Implementations of eBPF
=======================
Using the eBPF instruction set requires implementing code in both kernel space
and user space.
In Linux Kernel
---------------
The reference implementations of the eBPF interpreter and various just-in-time
compilers are part of Linux and are GPLv2 licensed. The implementation of
eBPF helper functions is also GPLv2 licensed. Interpreters, JITs, helpers,
and verifiers are called eBPF runtime.
In User Space
-------------
There are also implementations of eBPF runtime (interpreter, JITs, helper
functions) under
Apache2 (https://github.com/iovisor/ubpf),
MIT (https://github.com/qmonnet/rbpf), and
BSD (https://github.com/DPDK/dpdk/blob/main/lib/librte_bpf).
In HW
-----
The HW can choose to execute eBPF instruction natively and provide eBPF runtime
in HW or via the use of implementing firmware with a proprietary license.

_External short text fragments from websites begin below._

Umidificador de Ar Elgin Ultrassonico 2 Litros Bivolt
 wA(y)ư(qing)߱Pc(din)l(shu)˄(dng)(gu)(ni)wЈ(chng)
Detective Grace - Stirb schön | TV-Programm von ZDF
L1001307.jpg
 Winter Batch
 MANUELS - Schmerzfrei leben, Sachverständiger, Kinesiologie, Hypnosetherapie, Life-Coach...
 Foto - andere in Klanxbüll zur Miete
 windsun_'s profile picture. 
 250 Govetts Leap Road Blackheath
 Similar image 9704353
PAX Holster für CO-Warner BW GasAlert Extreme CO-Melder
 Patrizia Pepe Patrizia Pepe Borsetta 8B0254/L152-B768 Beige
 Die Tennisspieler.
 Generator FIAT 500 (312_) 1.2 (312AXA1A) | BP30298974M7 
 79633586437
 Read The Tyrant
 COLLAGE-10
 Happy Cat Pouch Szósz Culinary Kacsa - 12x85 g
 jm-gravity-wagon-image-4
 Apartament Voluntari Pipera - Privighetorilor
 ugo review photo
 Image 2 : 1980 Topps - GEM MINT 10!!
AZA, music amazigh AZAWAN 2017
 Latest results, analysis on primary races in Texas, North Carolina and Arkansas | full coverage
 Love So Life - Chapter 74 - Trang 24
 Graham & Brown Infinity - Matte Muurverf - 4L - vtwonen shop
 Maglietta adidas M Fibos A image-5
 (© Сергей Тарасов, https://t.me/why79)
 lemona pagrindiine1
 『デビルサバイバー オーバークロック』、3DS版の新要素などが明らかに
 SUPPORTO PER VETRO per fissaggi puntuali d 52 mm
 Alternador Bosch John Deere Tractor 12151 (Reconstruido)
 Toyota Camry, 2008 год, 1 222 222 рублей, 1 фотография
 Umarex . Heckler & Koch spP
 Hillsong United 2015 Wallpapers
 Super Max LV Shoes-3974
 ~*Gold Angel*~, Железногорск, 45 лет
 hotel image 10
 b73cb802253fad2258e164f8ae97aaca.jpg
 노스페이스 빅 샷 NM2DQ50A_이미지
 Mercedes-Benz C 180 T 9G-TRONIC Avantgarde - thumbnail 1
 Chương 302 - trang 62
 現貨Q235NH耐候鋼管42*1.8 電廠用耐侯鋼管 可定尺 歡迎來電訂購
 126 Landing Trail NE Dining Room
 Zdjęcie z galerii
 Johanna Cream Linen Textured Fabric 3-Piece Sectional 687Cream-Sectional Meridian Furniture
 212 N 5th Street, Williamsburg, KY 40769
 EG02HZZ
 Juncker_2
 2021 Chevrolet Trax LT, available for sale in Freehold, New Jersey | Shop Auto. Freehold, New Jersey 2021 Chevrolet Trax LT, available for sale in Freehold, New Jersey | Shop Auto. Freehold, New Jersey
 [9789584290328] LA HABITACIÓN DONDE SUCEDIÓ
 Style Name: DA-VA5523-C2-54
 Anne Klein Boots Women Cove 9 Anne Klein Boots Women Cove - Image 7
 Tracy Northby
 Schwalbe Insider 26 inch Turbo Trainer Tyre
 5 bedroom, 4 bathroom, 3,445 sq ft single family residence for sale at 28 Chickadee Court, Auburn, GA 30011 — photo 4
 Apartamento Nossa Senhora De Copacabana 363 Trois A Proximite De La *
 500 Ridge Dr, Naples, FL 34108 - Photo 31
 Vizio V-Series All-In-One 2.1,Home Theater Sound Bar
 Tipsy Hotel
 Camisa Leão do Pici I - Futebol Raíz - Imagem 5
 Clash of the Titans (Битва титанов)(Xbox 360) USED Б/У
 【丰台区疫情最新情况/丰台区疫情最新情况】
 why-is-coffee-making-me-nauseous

In other operating systems
--------------------------
Other kernels or user space implementations of eBPF instruction set and runtime
can have proprietary licenses.
Using BPF programs in the Linux kernel
======================================
Linux Kernel (while being GPLv2) allows linking of proprietary kernel modules
under these rules:
Documentation/process/license-rules.rst
When a kernel module is loaded, the linux kernel checks which functions it
intends to use. If any function is marked as "GPL only," the corresponding
module or program has to have GPL compatible license.
Loading BPF program into the Linux kernel is similar to loading a kernel
module. BPF is loaded at run time and not statically linked to the Linux
kernel. BPF program loading follows the same license checking rules as kernel
modules. BPF programs can be proprietary if they don't use "GPL only" BPF
helper functions.
Further, some BPF program types - Linux Security Modules (LSM) and TCP
Congestion Control (struct_ops), as of Aug 2021 - are required to be GPL
compatible even if they don't use "GPL only" helper functions directly. The
registration step of LSM and TCP congestion control modules of the Linux
kernel is done through EXPORT_SYMBOL_GPL kernel functions. In that sense LSM
and struct_ops BPF programs are implicitly calling "GPL only" functions.
The same restriction applies to BPF programs that call kernel functions
directly via unstable interface also known as "kfunc".
Packaging BPF programs with user space applications
====================================================
Generally, proprietary-licensed applications and GPL licensed BPF programs
written for the Linux kernel in the same package can co-exist because they are
separate executable processes. This applies to both cBPF and eBPF programs.